I like adding a pinch of cardamom, and sometimes a few roasted cashews or sesame seeds for extra crunch. They make the ladoos even more fun to munch.
They're sweet, nutty, and hold their shape perfectly. No ghee or oil needed.
- Preeti Nayak

Quick Look At Peanut Ladoo With Jaggery Recipe
- Prep + Cook: Just 20 minutes
- Servings: 8 ladoos perfect for snacking!
- Ingredients: Peanuts, jaggery, and a pinch of cardamom
- Difficulty: Super easy, even beginners can make it
- Taste: Nutty, sweet, and melts in your mouth.
Jump to:
Peanut Ladoo Ingredients
This 3-ingredient peanut ladoo is an easy-to-make sweet recipe. The best part is you don't need any ghee for making these ladoos. The peanuts release enough natural oil to hold the ladoos together.
- Peanuts: Use good-quality peanuts for making this ladoo recipe. Check the peanuts; if they have holes or black spots, discard them. Short on time? Store-bought unsalted roasted peanuts work just fine.
- Jaggery: I have used organic jaggery. The same we used to make Goan nevryo and til ladoo with jaggery. Make sure the jaggery is clean and free of impurities. If there are any, melt the jaggery on low heat and strain it through a fine sieve.
- Cardamom powder: Cardamom powder adds a beautiful aroma to sweets. If you do not have cardamom powder, add 2 cardamom pods while grinding the peanuts. You can skip the addition of cardamom if you do not have it. These groundnut ladoo will taste equally delicious without it.
See the recipe card at the end of the post for full ingredients, quantities, and a printable version.
How to make Peanut Ladoo With Jaggery (Step-by-Step)

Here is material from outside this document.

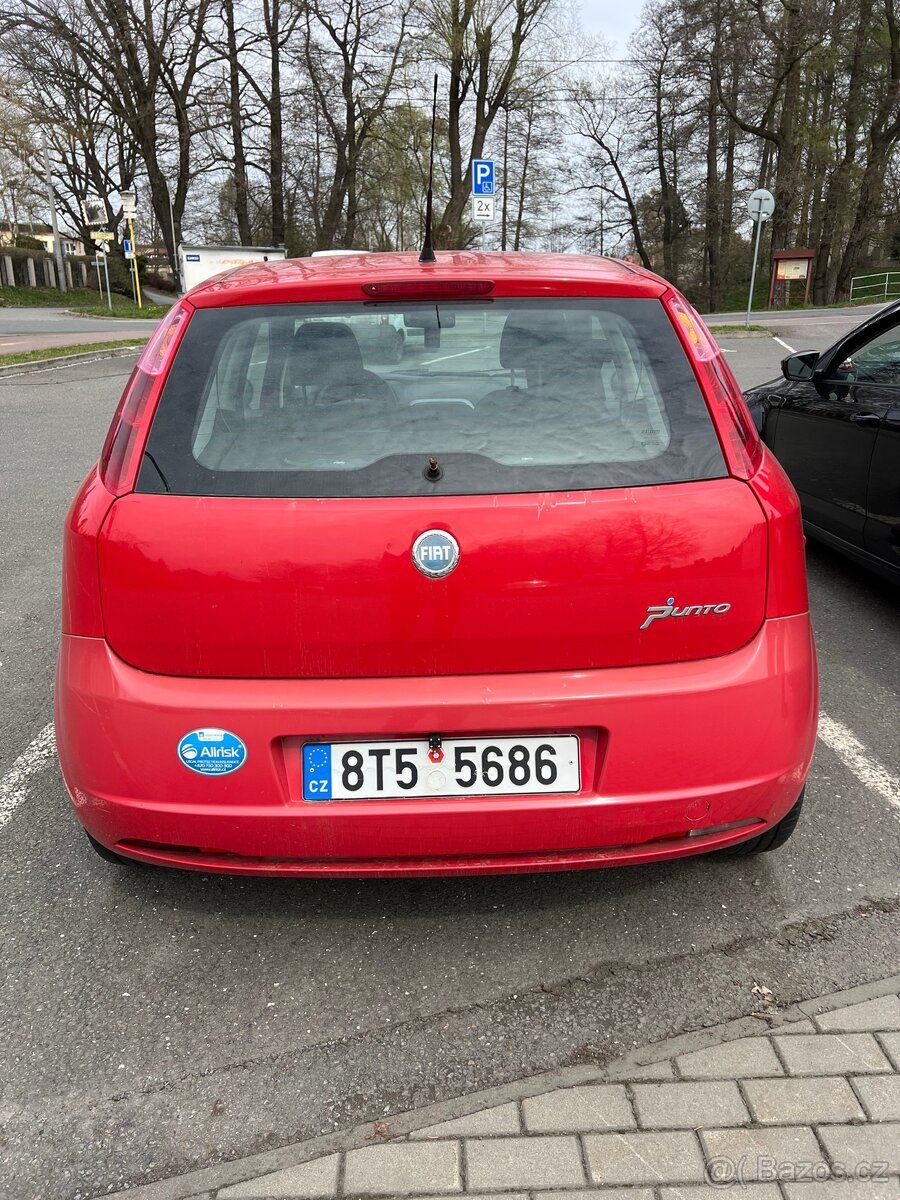 Fiat Punto 199 - 4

Step 1: Heat a heavy-bottomed pan over low to medium heat. Dry roast the peanuts, stirring continuously, until they start to pop and you see a few black spots. Remove them to a plate to cool down.
Tip: Taste a few. If they still taste raw, roast a little longer.

Step 2: Rub the peanuts between your palms to remove the skins. Doing it in small batches won't take longer than 5 minutes.

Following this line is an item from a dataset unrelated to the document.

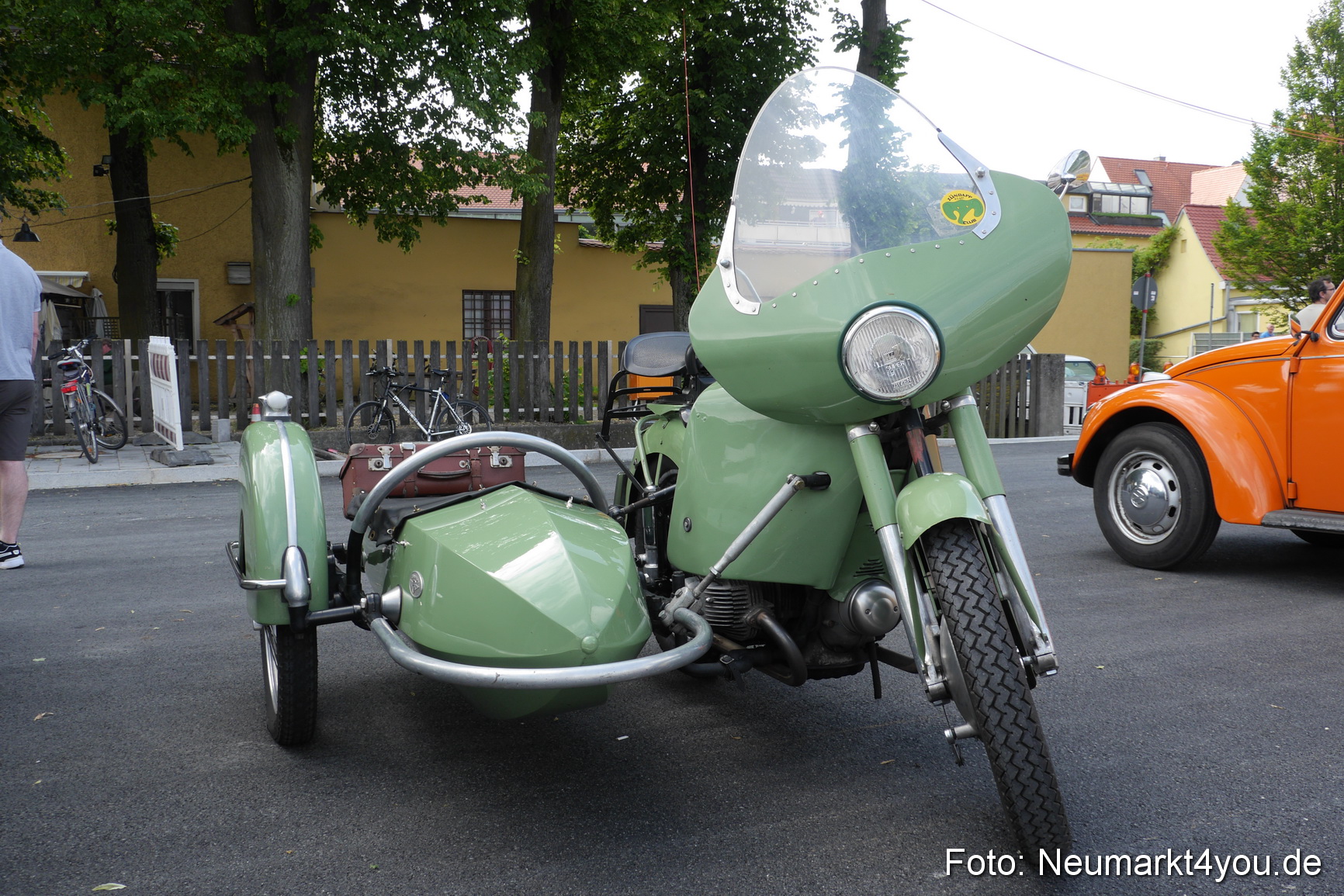 7 Oldtimertreffen Neumarkt 070615 0293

Step 3: Transfer the roasted peanuts to a mixer or grinder jar. Add grated jaggery and cardamom powder.

Step 4: Grind this peanut jaggery mixture to either a coarse or fine powder. I like it fine for soft, melt-in-the-mouth ladoos.
Tip: Grind in short bursts (15 20 seconds), giving breaks in between. This prevents the peanuts from releasing too much oil.

Step 5: Pour the mixture onto a plate. Take a small portion of the mixture and roll it into a round ball.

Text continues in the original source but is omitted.